Podrían ayudarme por favor, cuál es la expresion equivalente en español a
"Je *tiens à* vous en féliciter"....

Entiendo que la idea es "_insisto _en felicitarlo (por algo) "... pero quisiera entender el matiz... 
¿Al usar *je tiens* *à* qué trata de expresar  el interlocutor? ¿una simple felicitación? ¿más que una felicitación? ¿cuál es la intención subyacente?
Ojala sea claro cuál es la duda...

Gracias por sus respuestas y explicaciones.


----------



## Debaires

En este caso:  

Quisiera felicitarlo / felicitarla  por  (algo)

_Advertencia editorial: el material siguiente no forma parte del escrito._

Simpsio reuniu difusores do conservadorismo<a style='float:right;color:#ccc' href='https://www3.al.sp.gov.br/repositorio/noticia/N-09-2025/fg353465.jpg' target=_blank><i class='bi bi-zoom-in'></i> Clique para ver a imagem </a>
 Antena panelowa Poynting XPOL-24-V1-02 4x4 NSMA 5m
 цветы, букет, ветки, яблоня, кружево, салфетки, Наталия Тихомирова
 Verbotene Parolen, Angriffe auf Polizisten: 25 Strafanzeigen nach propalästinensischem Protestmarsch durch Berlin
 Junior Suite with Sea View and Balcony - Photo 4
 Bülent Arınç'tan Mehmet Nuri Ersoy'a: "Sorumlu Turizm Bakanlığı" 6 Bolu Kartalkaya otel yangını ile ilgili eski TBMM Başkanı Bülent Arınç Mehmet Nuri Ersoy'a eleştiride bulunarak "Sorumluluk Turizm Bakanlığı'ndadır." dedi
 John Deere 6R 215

Ejemplo: Quisiera felicitarlo por la obtención del contrato.


----------



## babis

*Nueva pregunta*
hilos unidos​
La frase es: "Mon ami André tiendrait beaucoup à faire ce travail". Podría traducirse como le encantaría, o le gustaría, apreciaría???
mil gracias. Babis


----------



## Haridian_

Nueva pregunta
Hilos unidos
​ 
Hola! 

Estoy traduciendo una oración de un texto literario, y me preguntaba si alguien me podría aclarar el significado de _tenir à_ en el siguiente contexto: 

_Gaétan juge cette façon d’agir un peu désuète ; il aime les voitures sport, les avions et tout ce qui va vite et fait du bruit. Pierre, lui, ne *tient* pas du tout *à* la vitesse et il s’amuse bien alors que le vieux quadrupède s’essouffle à la moindre petite côte._ (Le trésor du vieux moulin, Denis Boucher, Ed. BEQ)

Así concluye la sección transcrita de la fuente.